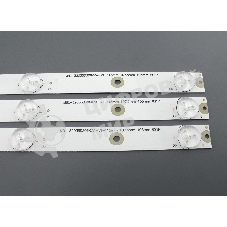 Светодиодная подсветка TV 32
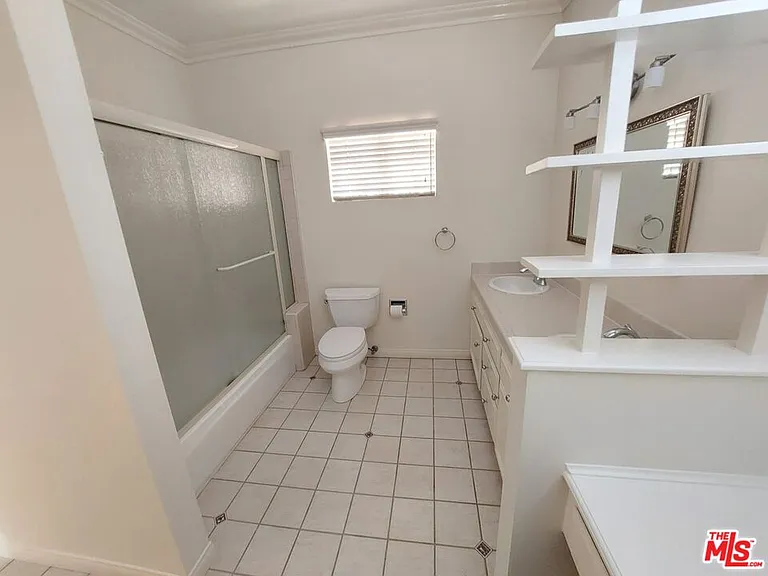1808 Franklin Canyon Dr — Photo 12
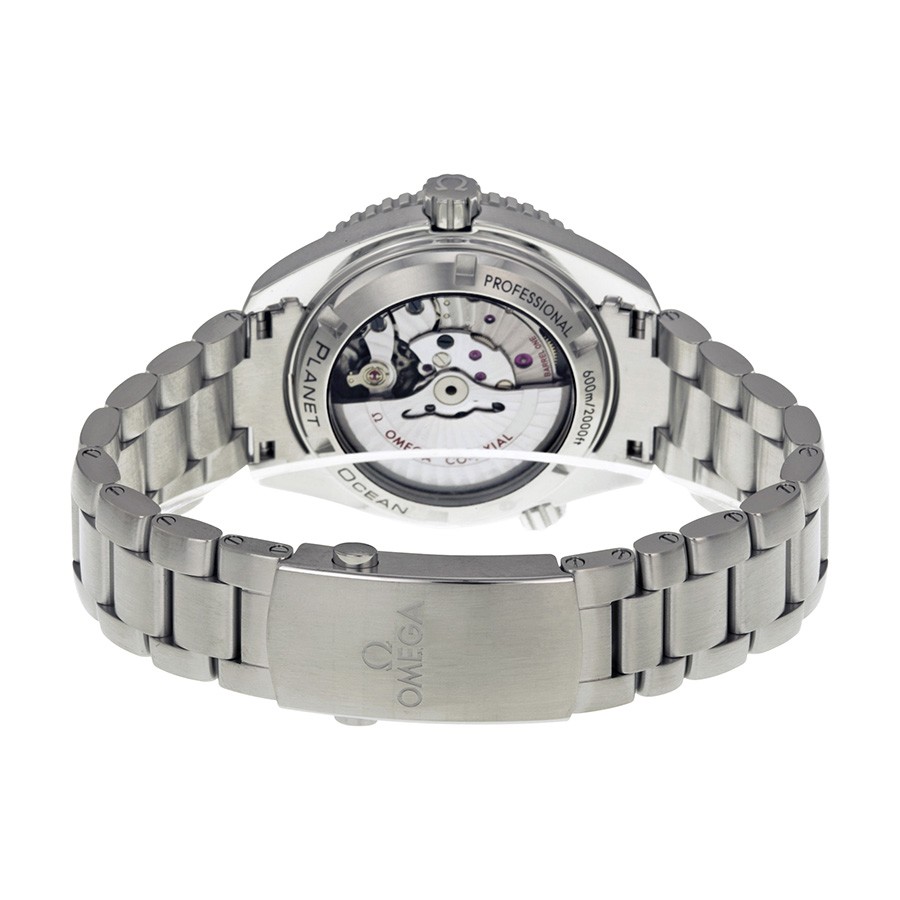 Omega 23230422104001 Omega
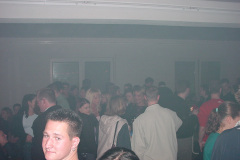 DSC00028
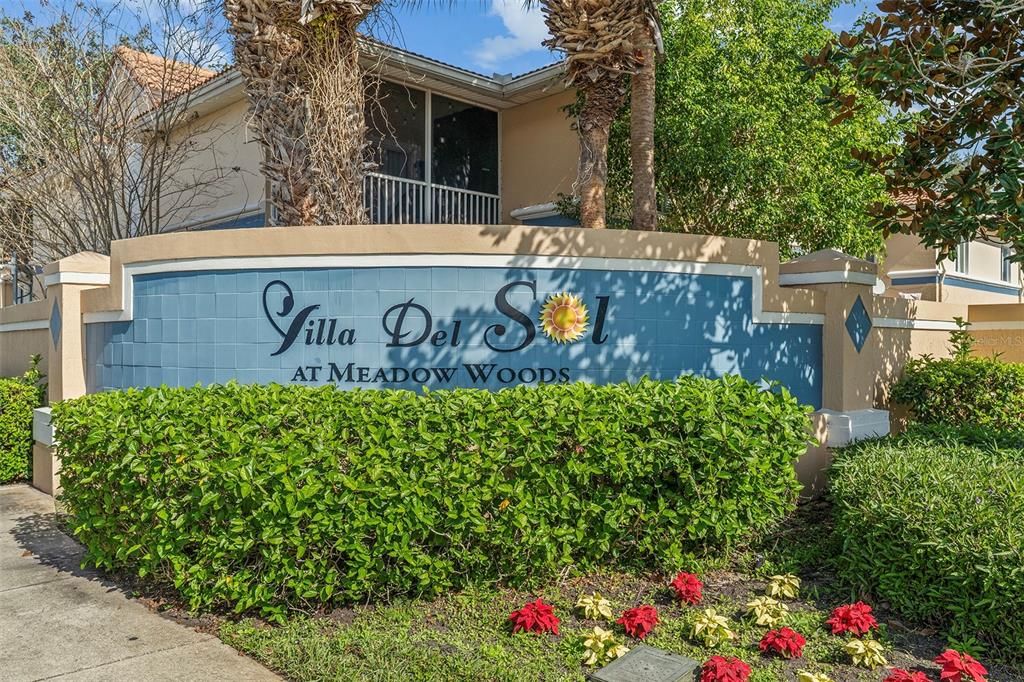 待售: $219,990 (3 贝兹, 2 浴室, 1200 平方英尺)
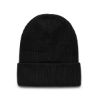 Picture of Gios Beanie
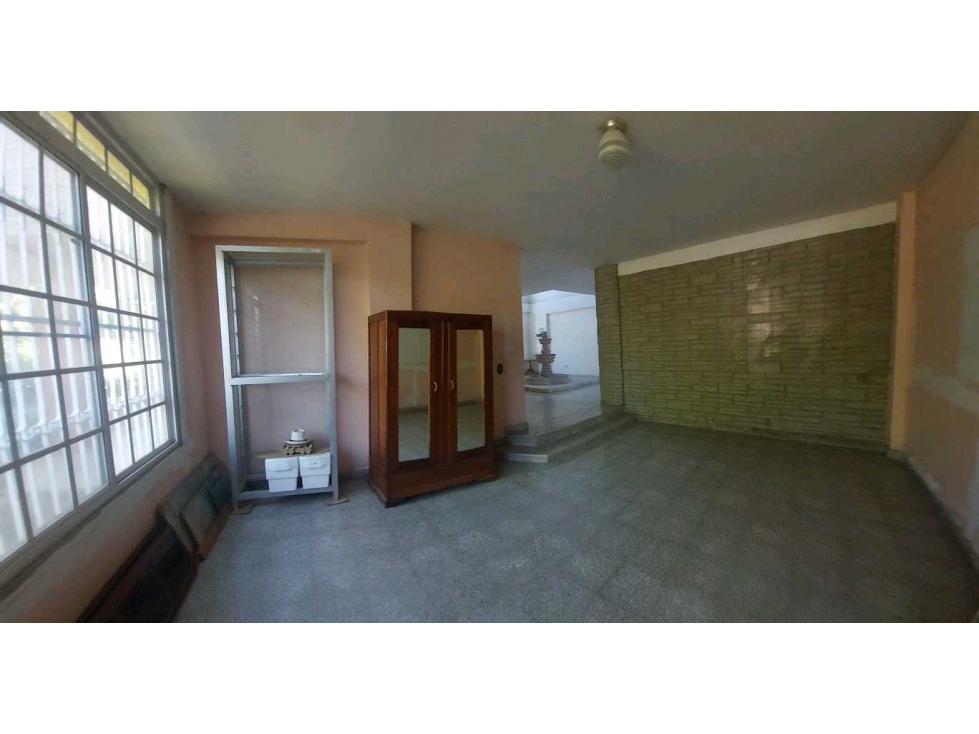 Casa en venta en Penonomé amplia. — foto 6
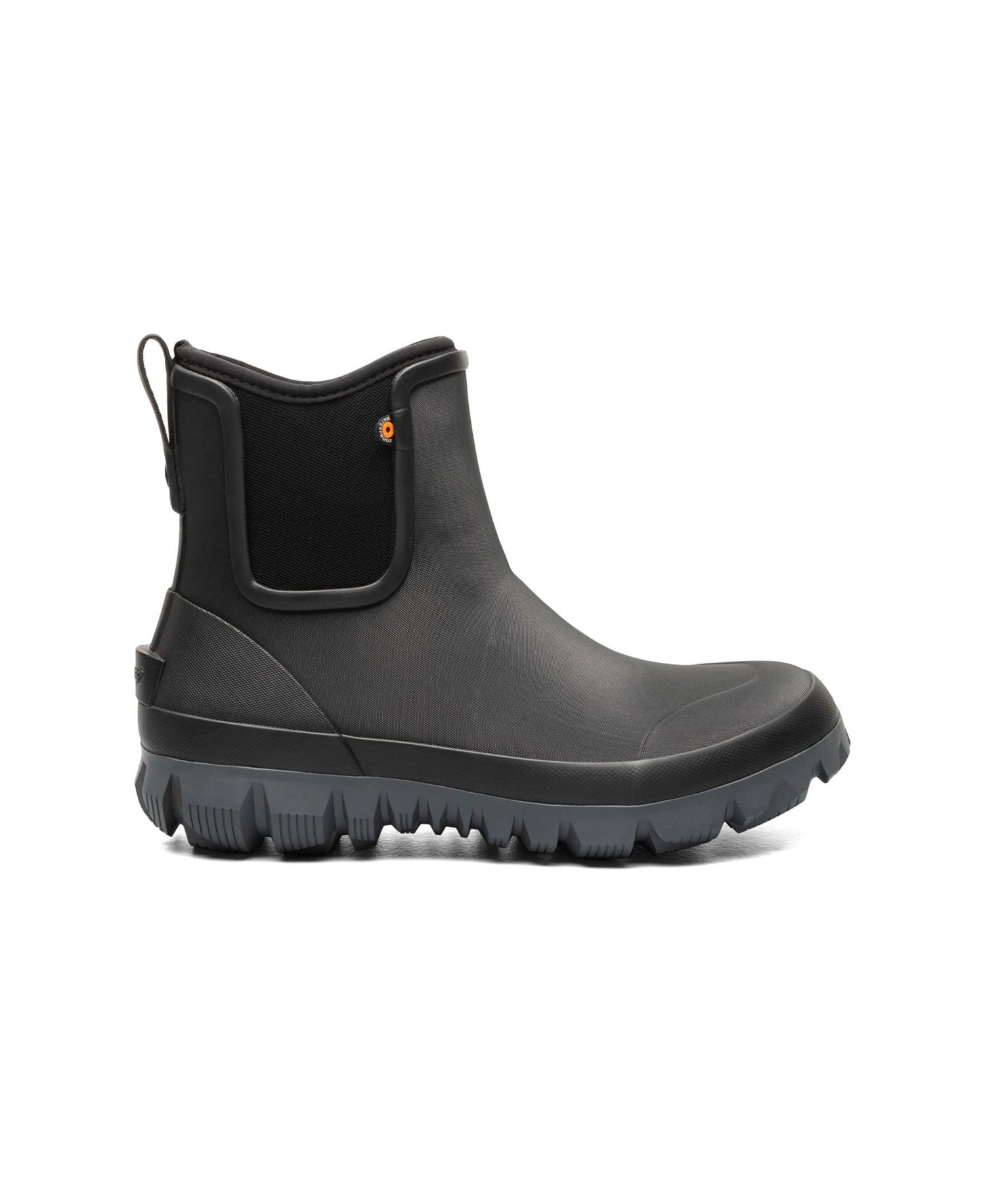 Men's Arcata Urban Slip-Resistant Chelsea Boot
────────
The task:
All lines from the one containing "待售: $219,990 (3 贝兹, 2 浴室, 1200 平方英尺)" through the end of the data are to be restated exactly, with nothing else and without the pictures.

Output for this exercise:
 待售: $219,990 (3 贝兹, 2 浴室, 1200 平方英尺)
 Picture of Gios Beanie
 Casa en venta en Penonomé amplia. — foto 6
 Men's Arcata Urban Slip-Resistant Chelsea Boot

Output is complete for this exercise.